Task inputs.
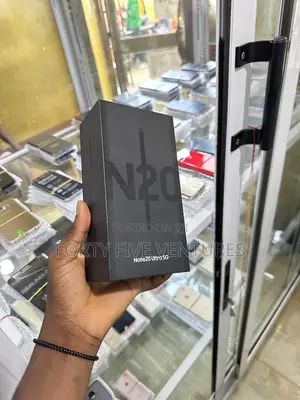 New Samsung Galaxy Note 20 Ultra 128 GB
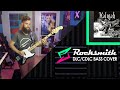Kalmah - Deadfall | BASS Guitar Cover (Rocksmith CDLC)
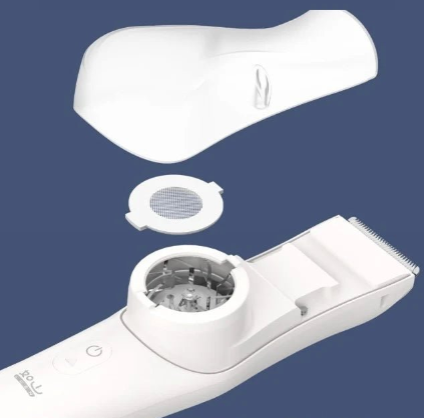 Lusn - Suction Hair Clipper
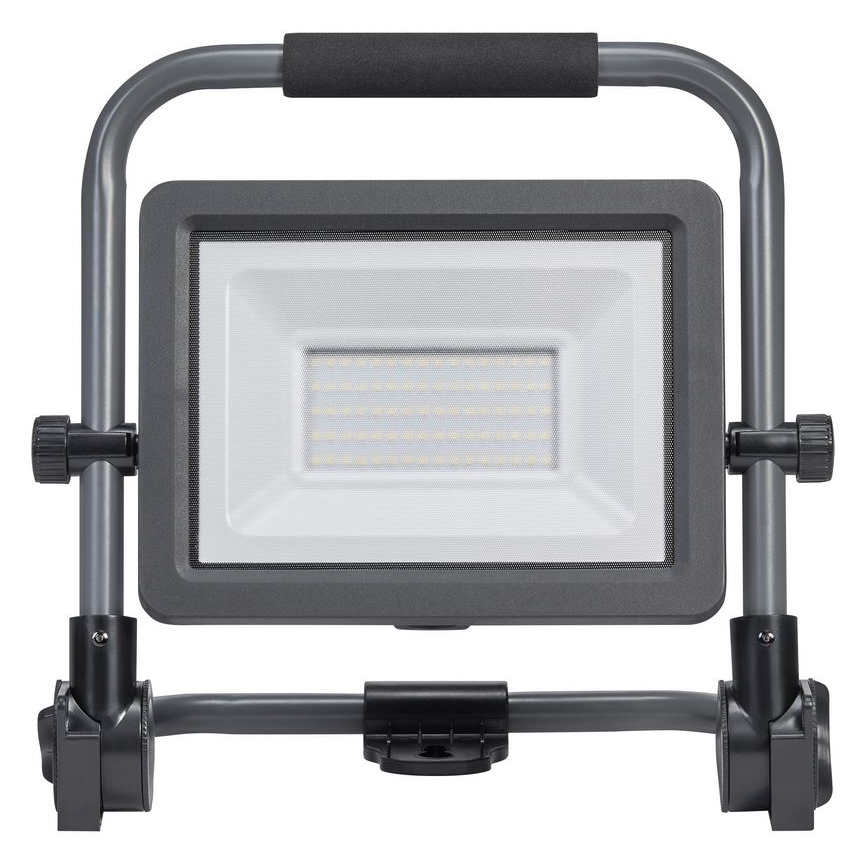 Ledvance - Екстериорен LED прожектор WORKLIGHT R-STAND LED/50W/230V 6500K IP65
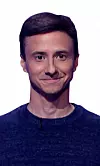 Imar Dacunha on Jeopardy!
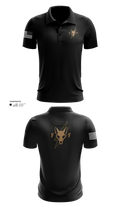 FF Short Sleeve Performance Polo - 21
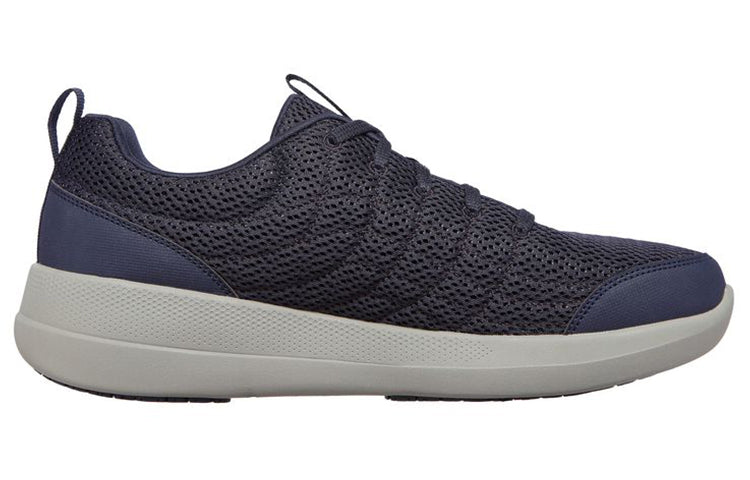 Skechers Go Walk Stability Low-Top Blue 216144-NVY
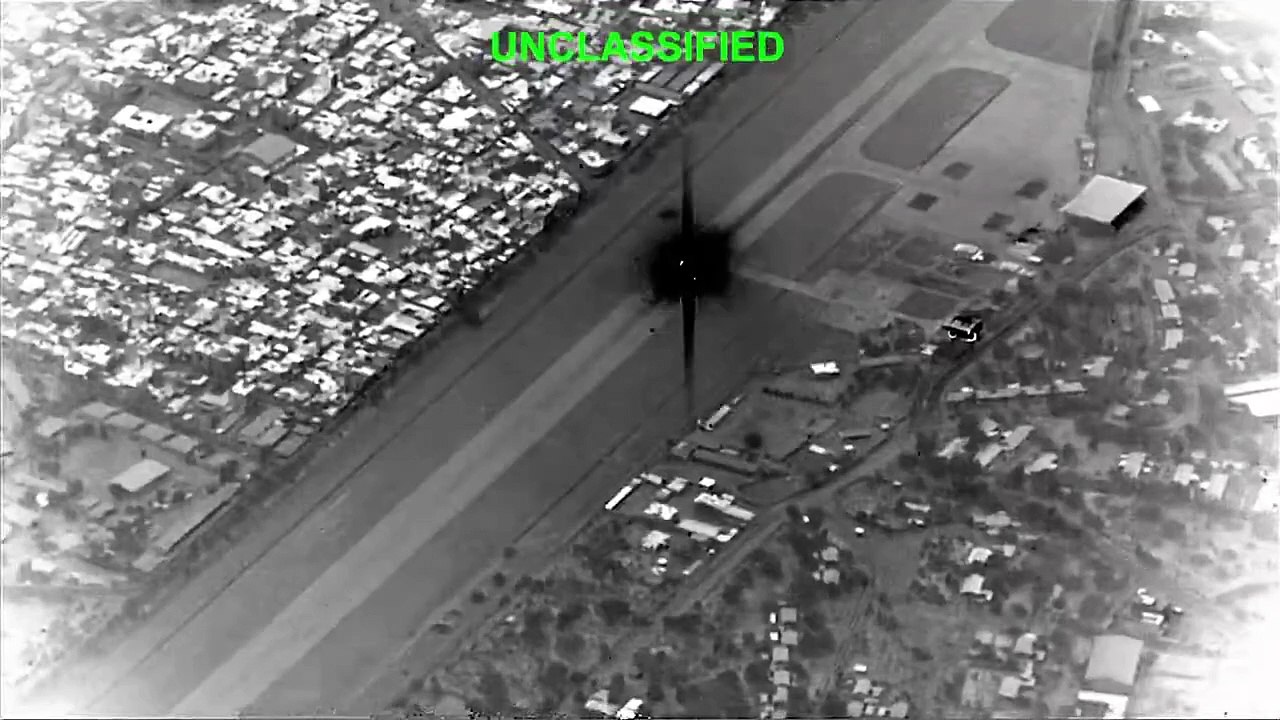 Estados Unidos bombardeó la isla de Kharg, el principal centro de exportación de petróleo de Irán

Task item.
Word for word and without pictures, restate only the lines running from the one that contains "Skechers Go Walk" through the last line of the listing above.

Solution for this task.
 Skechers Go Walk Stability Low-Top Blue 216144-NVY
 Estados Unidos bombardeó la isla de Kharg, el principal centro de exportación de petróleo de Irán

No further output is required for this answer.